CAPÍTULO 40
Los engaños

Un paciente de mi consulta de terapeuta aficionado me comentaba, no hace mucho, con pasmo y admiración, el cinismo con que su amante respondía a una llamada telefónica del marido en plena cabalgada, mientras él se esmeraba en el estacato final.

—Chico, yo no me imagino en la misma situación. Yo nunca atiendo el móvil cuando estoy en la faena copulatoria porque estoy seguro de que mi mujer me lo notaría.

No sé si se lo notaría, pero desde luego lo notaría raro y después de decirle «Te noto raro, Manolo» accionaría la moviola y examinaría indicios pasados, lo que la conduciría primero a la sospecha y después, fatalmente, al descubrimiento de tu infidelidad.

Es muy difícil que un hombre engañe a una mujer y, si ella sospecha o es recelosa, es directamente imposible. Los hombres que logran engañar a la mujer lo hacen con esa parte femenina que ellos también poseen; al plenamente masculino, al macho alfa-alfa, la mujer le detecta fácilmente la mentira. No necesita comprobar que traes los calzoncillos al revés (los palominos, delante; lo amarillo, detrás) para advertir que vienes de estar con otra. Distinto es que, por conveniencia, disimule y se deje engañar o acepte la situación. Si ya no está enamorada, razona: «Bueno, lleva parte de lo que caza a otra cueva, a cualquier pelandusca, pero mientras a mí y a mi prole no nos falte de nada, que haga lo que quiera el desgraciado. Menos durará».

Esta comprensiva actitud de las esposas experimentadas es bastante frecuente cuando alcanzan una edad en la que la práctica del sexo las incomoda (al menos, con el marido). Entonces se hacen las despistadas, como si no se enteraran de nada, y dejan que otra peche con las urgencias y las marranadas varoniles.

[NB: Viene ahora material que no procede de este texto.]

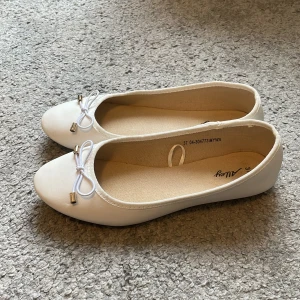 Ballerinaskor - Vita ballerinaskor med rosetter. I bra skick, har vissa märken på tårna.  Tryck gärna på köp-nu! 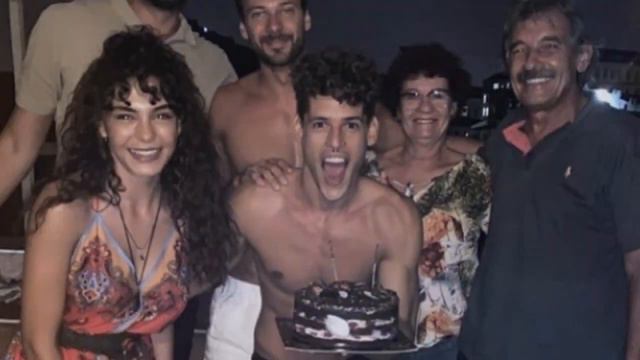 Кто с кем? Акын Акынозю и Эбру Шахин личная жизнь смотреть онлайн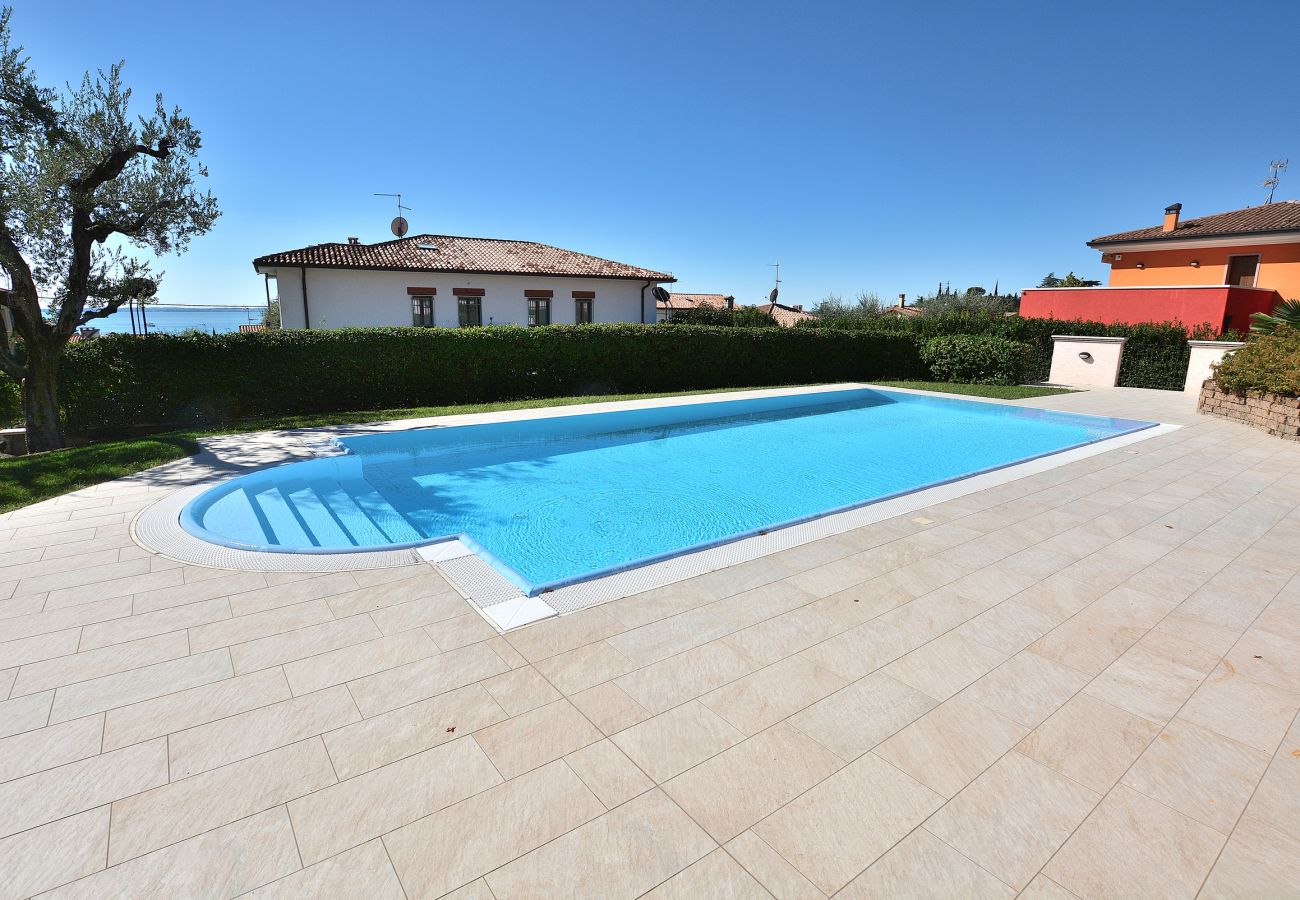 Ferienwohnung in Garda - Regina Gardesana Apartment With Pool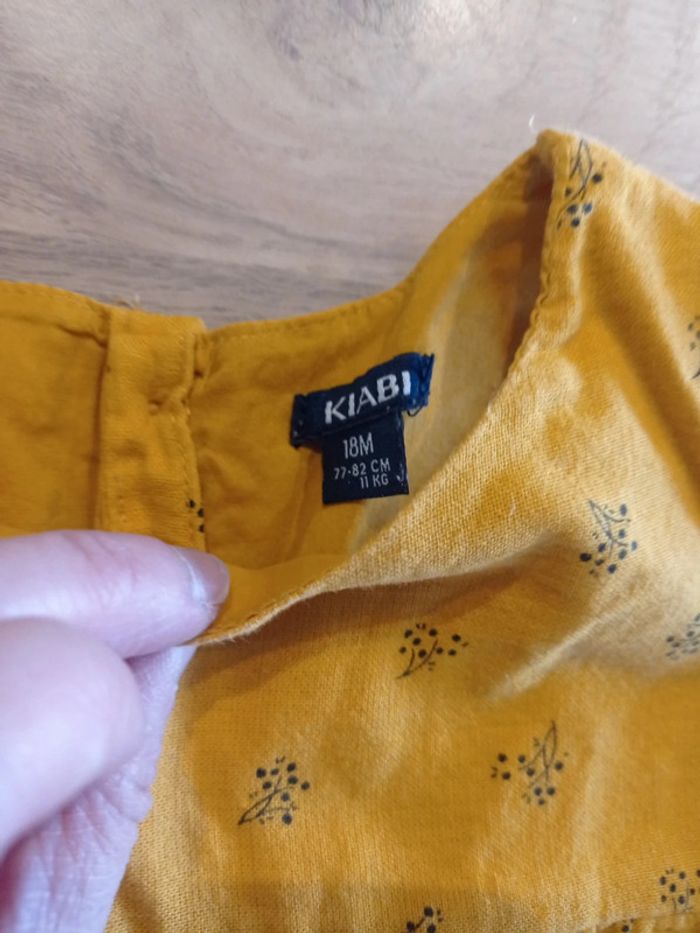 Robe moutarde motifs floraux noirs Kiabi 18 mois - photo numéro 2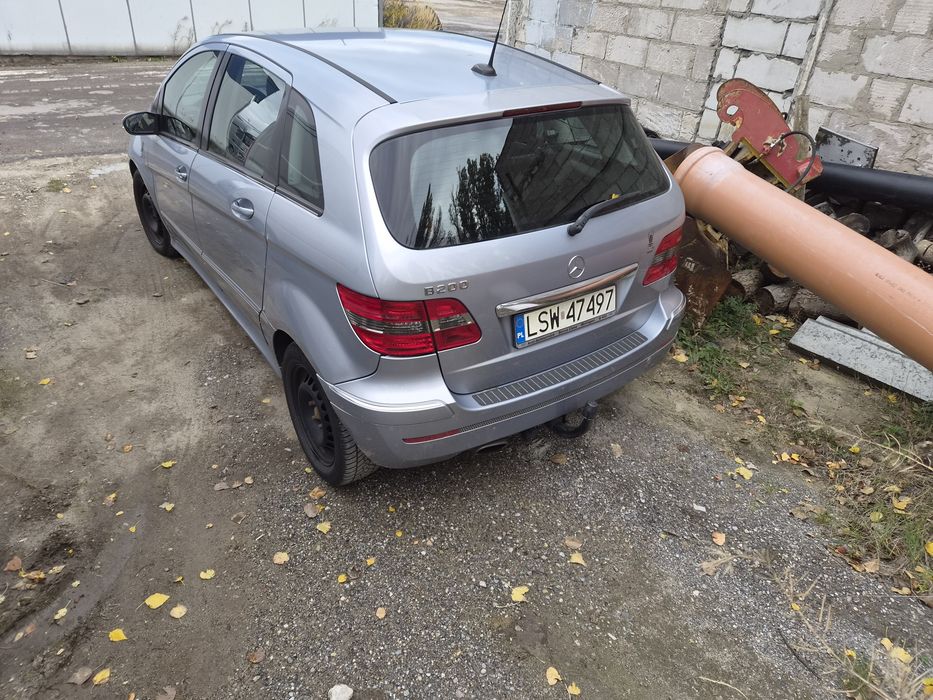 Mercedes B 2.0 benzyna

—O sea —deducirá el compungido lector—, que son más listas que nosotros.

—Más listas no, desgraciado: ¡muchísimo más listas! Cien vueltas nos dan y todavía les sobran vueltas[361].

Consuélate pensando que tú eres el cazador, el guerrero, el musculitos, el dominador, y ella la remilgada, la suspicaz, la parte débil de la pareja. Cuando no puede abrir el bote de la mayonesa, ¿a quién recurre?

A ti, naturalmente.

Cuando, en la película, el asesino de la sierra mecánica se aproxima a la morenaza inmovilizada con esposas a la trilladora en un granero de Arkansas, ¿a qué brazo se aferra, en qué hombro esconde su faz para evitar la visión de lo que va a ocurrir en la pantalla?

En los tuyos naturalmente.

Eres su héroe, su refugio. Enorgullécete. Tú, su infalible cazador, su invicto guerrero, tienes el estómago preparado para las emociones fuertes y además desdeñas las menudencias de la vida, atento sólo a lo fundamental.

La infidelidad, sea real o solamente imaginada, conduce fatalmente a los celos, «el mayor monstruo», como los llamaba Calderón de la Barca.

La única diferencia entre los celos masculinos y los femeninos estriba en que el celoso recurre frecuentemente a la violencia física, mientras que la celosa prefiere la psicológica, basada en su dominio de argucias emocionales (cada uno emplea las ventajas que tiene sobre el otro, al fin y al cabo).

—Sí, protesta uno de mis clientes, pero con las heridas psicológicas no puedes acudir a un juzgado de guardia.

Un reputado psicólogo asegura que el número de celosas supera al de celosos[362]. Los celos suelen aparecer en la mujer entre los veinticinco y los treinta y cinco años, justo antes de alcanzar la madurez física, cuando no se sienten tan atractivas como antes y empiezan a obsesionarse con que sus parejas miran a las jovencitas. Pero, aunque abunden en esa edad crítica, los celos pueden darse en cualquier edad, por provecta que sea.

Los cónyuges desavenidos desembocan en divorcios virulentos en los que cada cual da lo peor de sí mismo. Al psiquiatra Rojas Marcos le pregunta un entrevistador la razón de ese odio africano que a veces surge en la pareja rota:

—Ese es uno de los temas más sorprendentes del comportamiento humano. Incluso las propias parejas se sorprenden del odio, el resentimiento y la violencia que se desatan en momentos así. El amor se transforma en odio, y cada contendiente ataca al otro en sus flancos más íntimos y vulnerables, que conoce bien[363].